"If you want a flat memory space you have to guarantee an access to any memory address in less than X cycles otherwise you have a NUMA architecture[1]"
There is nothing wrong with NUMA (well, ccNUMA, but today that's a given). Even a simple modern two socket server is a NUMA machine.
Anyways, as I've commented elsewhere, I'm not arguing that shared memory is practical today on a large HPC cluser.
> Anyways, as I've commented elsewhere, I'm not arguing that shared memory is practical today on a large HPC cluser.
I think the point that was being made was that it'll never be practical purely for physical reasons. Any physical separation means that light takes a certain amount of time to travel and no known law of physics will let you circumvent that... A distance of a foot will always incur a latency of ~1ns (at best), so our models must account for latency. (At some point -- it's not obvious that we've reached the end of how compact a computer can be, but there is a limit where you just end up with a tiny black hole instead of computer.)
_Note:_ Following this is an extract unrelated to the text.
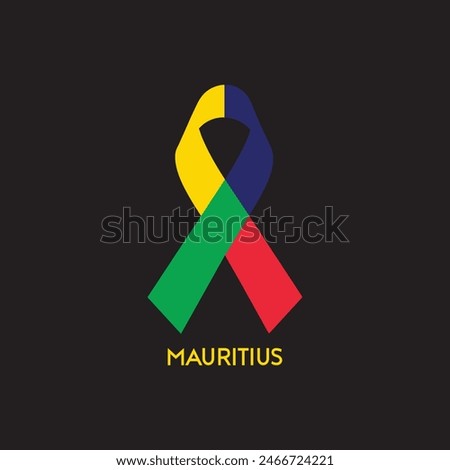  Mauritius flag ribbon design vector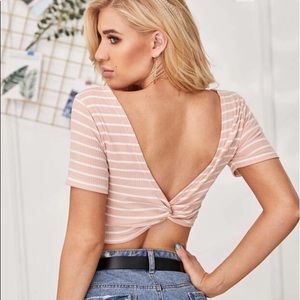 Twist Open Back Stripe Tee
I don't get it, our models have been accounting for latency for the last 30 years at least. We routinely use three level of caches and higly out of order memory accesses for trying to make latency manageable.
Now it is possible that our best coherency protocols simply aren't effective at high latencies, but that doesn't mean we can't come up with something workable in the future. Is there any no-go theorem in the field?
There is nothing wrong with NUMA (well, ccNUMA, but today that's a given). Even a simple modern two socket server is a NUMA machine.
Anyways, as I've commented elsewhere, I'm not arguing that shared memory is practical today on a large HPC cluser.